Today, I was on a flight home to Tulsa. I was trying to find an empty spot when I saw a dad and his daughter. She was sitting next to the window, She had long brown hair for her age. And a smile to die for. She was coloring in a Princess book. Her father, had short blond hair, with glasses. He watched over her with his arm around her. I wanted to take my camera out and get a picture of them. They were so, content. I got closer to the seat, I was guessing that the mom was in the bathroom or something. There were not a lot of seats left so I thought I'd ask just in case.

"Excuse me, Sir? Is that seat taken?"
"No, no! Ha, sit down."

I took my seat and started to text. I said goodbye and put my phone up. I looked over to my left, and I noticed that the little girl was peeking at me. I smiled at her.

"Hi, I'm Tiffany," I said openly. "What's your name?"
"I'm Victoria." She said giggling.
A few minutes past and I heard her talking to her dad,
"Daddy, Look at her. She's so pretty! Do you think she'll be my friend?"
I smiled slightly. And looked over at them. I was going to say something, but that's when I noticed. The father didn't have a wedding ring on. I blinked. My gaze only lasted a second. I talked to Victoria until I fell asleep.

I woke up to see her father covering her up with a blanket and gently moving a piece of hair out of her face. He whispered "I love you, Angel." At that moment I knew that Victoria was going to have the best father in the world. He cared about her more then himself. A simple moment had shown it. Victoria will grow up and she'll grow apart from him and want to be with her friends, and with boys. She'll start to wear makeup. She'll lock her door. And not talk to him, or yell at him. But, the Father will just always love her, no matter what. It was so touching. I turned to my side away from them and went back to sleep. Wishing I could have had that. I let a small tear escape. But wiped it away. No time for that. The next time I woke they were watching Nemo. The dad asked me to join them, I did. He treated me like his own. He made sure I wasn't cold, or if I needed a blanket, or a snack. He cared for me, a complete stranger, like I was his own.

I got off the plane, I was to busy texting as soon as we landed that I didn't thank him, or say bye to Victoria. And it kills me when I think that I should have. But, I'll always remember them, The sweet angelic little girl, and the caring single dad.

Wednesday, July 14, 2010

Lights on the Bay flicker and shine.

My sister pulled up to her parking spot that over looked the city. I took a swift move out of the car and was on my way down the stairs to her house. But, something caught my eye. In the past week I haven't really noticed the view she has until tonight.

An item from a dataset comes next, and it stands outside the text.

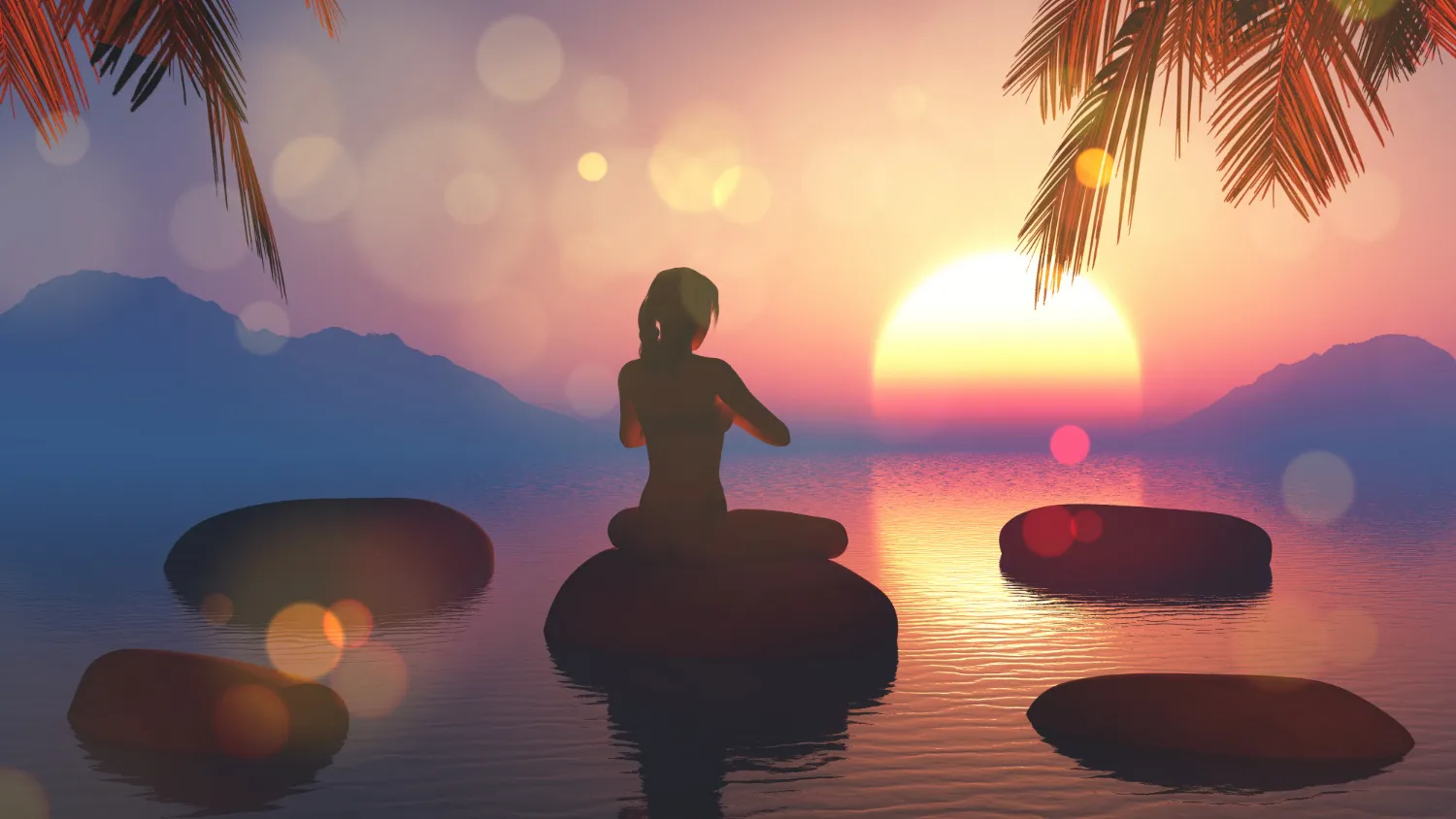 Mujer meditando en una roca sobre el agua, con un atardecer colorido y montañas al fondo. La escena transmite calma y paz, rodeada de palmeras y reflejos de luz.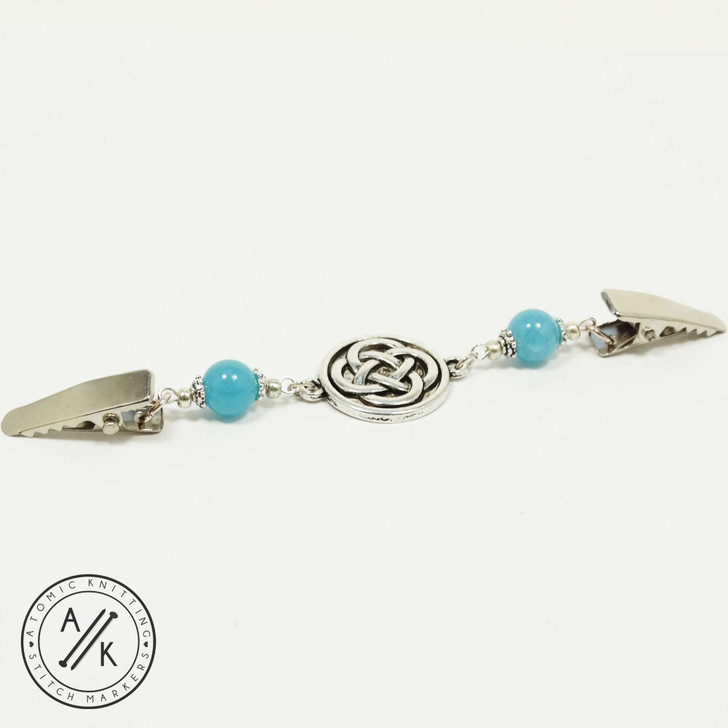 Blue Quartz & Celtic Knot Silver Beaded Shawl/Cardigan Holder Clip Fastener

My eyes widened. The twinkling lights danced on the bay. I could see the fog in the city. A breeze rushed by me and made me shiver. I pulled my jacket closer to me. I couldn't take my eyes of the city. All the color, the beauty, the sounds, everything rushed into me in that one moment. I closed my eyes. I realized right there at that second that this is where I am meant to be. I realized that there are people in that city right now that are going to be with me for the rest of my life, people that will be my best friends. The person I could marry might be there. Is he thinking of me like I do him? My future job, house, everything is in this city. All of these thoughts rushing in my mind like rush hour.

I opened my eyes. It had only been a second. My sister had not noticed that I completely fell in love, and found my home in under 2 and a half seconds. I walked behind her down the steps. Looking at my future city that danced on the bay reflecting back at me. I sighed.

San Francisco. You're a wonder in my eyes and you always will be.

Sunday, July 11, 2010

That White Picket Fence

I've always had a dream of living in one house for my whole life. But, I've moved so many times in my life, It was never a possibility. But, this is what I'd want my children to have.

The same state, same city, everyone knows everyone. The house you could have those memories when you were young, like, the time you carved your height into the side of the coat closet. And measured how much you grew, or playing outside all day in your tree house that you and your dad made together. And those Christmas's... I bet they would be glorious, always having the slight memory of running down the stairs in the morning, and you'd see your presents, you would jump around and keep saying "thank you, Santa!"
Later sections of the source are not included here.